La production pharmaceutique française et européenne dépendante de l’étranger

La chaîne de production d’un médicament est composée de plusieurs étapes. Comme pour de nombreux produits industrialisés, certaines parties du process de fabrication sont aujourd’hui réalisées à l’étranger. C’est le cas de la production des principes actifs (API pour Active Pharmaceutical Ingredient). Le principe actif d’un médicament est la substance (chimique ou biologique) qui provoque les effets thérapeutiques. Pour obtenir le produit fini (la pilule que l’on ingurgite ou le vaccin qu’on inocule par exemple), il est nécessaire de l’associer à des excipients. Il y a encore 30 ans, 80 % des principes actifs des médicaments autorisés en UE étaient produits en Europe. Aujourd’hui, ce chiffre s’est totalement inversé : 80 % des API utilisés en Europe proviennent de l’étranger, majoritairement de la Chine et de l’Inde.
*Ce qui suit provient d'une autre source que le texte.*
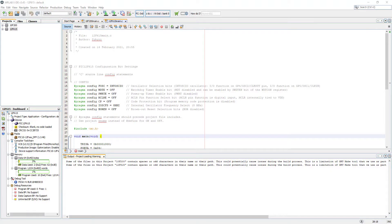Hello everyone and welcome again. In today's episode we're going to have a look at our next PIC microcontroller, which is the PIC 16F628A, continuing from the previous one.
Graphique adapté de l’Usine Nouvelle

Comme pour la majorité des secteurs industriels, la production de médicaments a subi les effets de la mondialisation. Les étapes de production à faible valeur ajoutée se sont vues progressivement délocalisées vers des pays émergents. Ainsi, en une dizaine d’année, la France qui était le premier fabricant de médicaments européen (en valeur de production) a chuté à la quatrième place, malgré 271 sites industriels pharmaceutiques sur son territoire. Les industriels européens sont allés s’installer où les coûts de production et salariaux étaient le plus bas. Un grand nombre de médicaments ont vu la fin de leur brevet arriver, actant leur passage sous forme de générique (forme bien moins chère). De plus, les politiques sociales tirent les prix vers le bas, incitant à produire à bas coûts. Enfin, les réglementations environnementales quasi inexistantes des pays émergents, comme la taille des marchés, ont fini de convaincre les industriels de la pharmacie. “ Produire en Inde ou en Chine c’est avoir accès à des centaines de millions de consommateurs ”, précise Marie Coris, chercheuse au GREThA, laboratoire de l’Université de Bordeaux, relié au CNRS, pour Les Échos. Elle ajoute : “ On a été très content d’aller polluer loin de chez nous ”. Les chiffres sont frappants : “sur les 206 traitements autorisés entre 2012 et 2016 par l’Agence européenne des médicaments (EMA), 16 sont usinés en France, contre 65 en Allemagne, 57 au Royaume-Uni et tout le reste en Asie” (source : Capital.fr). Les laboratoires chinois sont même montés en gamme et seraient d’ores et déjà en position de leadership dans les thérapies cellulaires.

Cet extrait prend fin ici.